Do they look happy and content with life or what??? Very sweet..........


----------



## maryjane (Jul 15, 2006)

How cute!!!


----------



## amoonswirl (Nov 14, 2006)

Just before I took the photo, they were busy preening each other and cooing...I missed that photo op while the camera warmed up. But I love the way Munchkin is leaning ever so slightly on Isabella's shoulder with a sparkle in his eye- he has been in total bliss since she arrived. Such lovey-birds!


----------



## Maggie-NC (Jun 22, 2005)

amoonswirl said:


> But I love the way Munchkin is leaning ever so slightly on Isabella's shoulder with a sparkle in his eye


LOL this is what caught my eye too. It is so sweet. What a contrast in coloring with these two.
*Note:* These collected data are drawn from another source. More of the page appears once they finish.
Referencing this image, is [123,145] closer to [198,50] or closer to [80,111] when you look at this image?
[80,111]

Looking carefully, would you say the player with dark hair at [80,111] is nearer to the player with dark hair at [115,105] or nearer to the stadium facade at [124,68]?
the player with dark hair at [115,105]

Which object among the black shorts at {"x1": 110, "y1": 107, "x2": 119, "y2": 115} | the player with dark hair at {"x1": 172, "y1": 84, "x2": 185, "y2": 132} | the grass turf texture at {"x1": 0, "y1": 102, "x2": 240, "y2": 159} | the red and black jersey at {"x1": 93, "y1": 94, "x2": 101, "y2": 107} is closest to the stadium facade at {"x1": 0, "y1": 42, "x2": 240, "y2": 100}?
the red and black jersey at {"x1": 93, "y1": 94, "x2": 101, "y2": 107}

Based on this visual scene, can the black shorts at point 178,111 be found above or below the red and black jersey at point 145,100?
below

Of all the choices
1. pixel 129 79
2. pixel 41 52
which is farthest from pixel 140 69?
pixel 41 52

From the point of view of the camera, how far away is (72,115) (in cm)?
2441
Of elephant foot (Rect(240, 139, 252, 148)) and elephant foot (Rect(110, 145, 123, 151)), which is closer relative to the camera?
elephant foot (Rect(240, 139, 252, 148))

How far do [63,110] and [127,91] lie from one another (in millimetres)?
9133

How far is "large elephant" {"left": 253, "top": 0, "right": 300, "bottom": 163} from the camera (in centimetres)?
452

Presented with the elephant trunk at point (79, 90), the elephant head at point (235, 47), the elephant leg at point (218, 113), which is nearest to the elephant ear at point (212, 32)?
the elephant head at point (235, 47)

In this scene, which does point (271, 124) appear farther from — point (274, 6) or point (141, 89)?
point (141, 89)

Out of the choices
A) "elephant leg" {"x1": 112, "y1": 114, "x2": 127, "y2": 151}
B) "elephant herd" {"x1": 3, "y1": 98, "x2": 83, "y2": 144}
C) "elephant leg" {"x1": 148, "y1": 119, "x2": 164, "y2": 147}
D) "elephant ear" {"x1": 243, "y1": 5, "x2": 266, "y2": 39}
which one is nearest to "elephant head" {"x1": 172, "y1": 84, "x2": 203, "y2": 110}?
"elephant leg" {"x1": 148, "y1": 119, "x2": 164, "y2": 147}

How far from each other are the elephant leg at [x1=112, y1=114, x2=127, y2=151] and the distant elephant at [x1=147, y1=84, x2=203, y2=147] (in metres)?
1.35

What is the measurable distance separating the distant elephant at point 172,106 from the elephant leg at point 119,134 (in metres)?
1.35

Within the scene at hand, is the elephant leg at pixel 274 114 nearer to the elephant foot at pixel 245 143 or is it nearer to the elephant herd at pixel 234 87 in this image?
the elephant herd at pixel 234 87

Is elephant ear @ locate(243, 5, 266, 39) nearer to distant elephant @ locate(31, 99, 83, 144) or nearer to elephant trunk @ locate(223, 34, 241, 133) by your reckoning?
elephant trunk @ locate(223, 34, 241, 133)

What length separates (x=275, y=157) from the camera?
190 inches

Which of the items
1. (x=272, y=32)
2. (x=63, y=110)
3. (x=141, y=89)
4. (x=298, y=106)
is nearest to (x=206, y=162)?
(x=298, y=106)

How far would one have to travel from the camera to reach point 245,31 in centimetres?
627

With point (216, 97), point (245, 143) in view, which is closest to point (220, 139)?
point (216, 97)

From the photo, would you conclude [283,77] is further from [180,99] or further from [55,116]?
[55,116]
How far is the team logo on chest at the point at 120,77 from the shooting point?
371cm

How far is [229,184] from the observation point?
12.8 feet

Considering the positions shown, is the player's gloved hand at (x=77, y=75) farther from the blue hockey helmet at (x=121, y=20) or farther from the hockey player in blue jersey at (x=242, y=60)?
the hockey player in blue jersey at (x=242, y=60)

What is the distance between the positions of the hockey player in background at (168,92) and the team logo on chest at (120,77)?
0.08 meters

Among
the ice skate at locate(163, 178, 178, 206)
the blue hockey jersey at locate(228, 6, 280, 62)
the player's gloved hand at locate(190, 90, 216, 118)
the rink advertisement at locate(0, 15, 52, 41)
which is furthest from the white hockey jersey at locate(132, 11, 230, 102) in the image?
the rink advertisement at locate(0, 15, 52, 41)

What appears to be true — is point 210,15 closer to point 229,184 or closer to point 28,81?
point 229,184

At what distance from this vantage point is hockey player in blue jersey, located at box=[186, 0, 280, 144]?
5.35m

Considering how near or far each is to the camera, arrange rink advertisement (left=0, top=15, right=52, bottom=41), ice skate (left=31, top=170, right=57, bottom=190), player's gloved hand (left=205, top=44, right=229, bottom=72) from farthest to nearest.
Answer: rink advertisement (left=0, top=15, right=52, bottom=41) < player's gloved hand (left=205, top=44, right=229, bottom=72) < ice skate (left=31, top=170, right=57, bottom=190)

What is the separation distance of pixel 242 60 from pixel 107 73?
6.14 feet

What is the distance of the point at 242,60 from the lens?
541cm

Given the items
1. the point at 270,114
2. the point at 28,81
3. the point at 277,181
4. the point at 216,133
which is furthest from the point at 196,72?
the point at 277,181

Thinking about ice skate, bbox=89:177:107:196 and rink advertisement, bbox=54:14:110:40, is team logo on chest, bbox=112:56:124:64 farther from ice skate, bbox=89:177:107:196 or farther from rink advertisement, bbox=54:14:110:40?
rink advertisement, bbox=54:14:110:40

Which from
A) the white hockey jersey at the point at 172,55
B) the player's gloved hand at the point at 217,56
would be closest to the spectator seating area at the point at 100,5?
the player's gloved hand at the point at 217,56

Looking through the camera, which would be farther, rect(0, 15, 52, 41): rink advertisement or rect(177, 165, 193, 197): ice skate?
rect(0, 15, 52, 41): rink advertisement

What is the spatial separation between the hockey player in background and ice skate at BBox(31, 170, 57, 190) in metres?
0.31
They are gorgeous. Thank you for the pictures.


----------



## pigeon kid (May 19, 2007)

lol there so cute and are they fantails? so cute pushing each other lol funny


----------



## amoonswirl (Nov 14, 2006)

pigeon kid said:


> lol there so cute and are they fantails? so cute pushing each other lol funny


They just can't seem to get enough egg-time - they love it! 

They're both fantails, but Munchkin's tail is bigger than Isabella's. I hope hers will fill out too, but she is still young. (even if it doesn't - she is a very pretty bird)
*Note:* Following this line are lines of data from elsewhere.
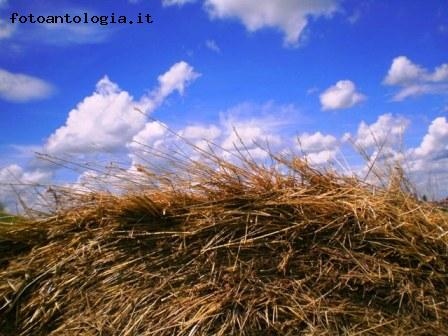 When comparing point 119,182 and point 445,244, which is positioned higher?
point 119,182

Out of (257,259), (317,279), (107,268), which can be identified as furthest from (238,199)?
(107,268)

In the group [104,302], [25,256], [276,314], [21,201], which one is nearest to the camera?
[276,314]

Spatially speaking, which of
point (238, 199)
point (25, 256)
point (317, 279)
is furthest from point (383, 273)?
point (25, 256)

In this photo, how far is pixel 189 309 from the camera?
209cm

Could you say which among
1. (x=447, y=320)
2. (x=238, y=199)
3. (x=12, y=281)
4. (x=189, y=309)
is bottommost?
(x=447, y=320)

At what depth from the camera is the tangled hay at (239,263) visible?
6.82ft

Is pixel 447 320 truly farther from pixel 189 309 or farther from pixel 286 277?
pixel 189 309

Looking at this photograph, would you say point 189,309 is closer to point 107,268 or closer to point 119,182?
point 107,268

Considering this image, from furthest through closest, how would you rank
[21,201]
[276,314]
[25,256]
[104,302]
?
[21,201] → [25,256] → [104,302] → [276,314]

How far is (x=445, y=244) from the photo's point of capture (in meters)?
2.16

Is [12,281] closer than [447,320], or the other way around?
[447,320]

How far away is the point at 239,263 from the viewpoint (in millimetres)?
2143

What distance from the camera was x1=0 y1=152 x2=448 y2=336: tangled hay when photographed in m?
2.08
Glad people are enjoying the photo


----------



## Reti (Jul 20, 2003)

What an adorable pair of cuties. Lovely pic.
Thanks for sharing.

Reti


----------



## michbird (Jul 5, 2007)

They're BEAUTIFUL birds! You must be one proud mommy


----------



## TAWhatley (Mar 6, 2001)

They are just gorgeous and so very precious together! Thank you for sharing that beautiful picture!

Terry


----------



## Pigeon lower (Oct 23, 2007)

i think they are indian fantails


----------



## pdpbison (Mar 15, 2005)

This is so cool...

Sweetie Pies indeed...!


Phil
Las Vegas


----------



## mr squeaks (Apr 14, 2005)

GREAT PICTURE, Karen!!

Definitely a couple! 

Squeaks and I wish them our VERY BEST and send LOVE, HUGS and SCRITCHES!

Squeaks also says to mention that he can relate...he, too, is happily sitting on HIS egg, but alas...alone... 

Love the box name...sure "fits" - in more ways than one!  

Shi and Squeaks


----------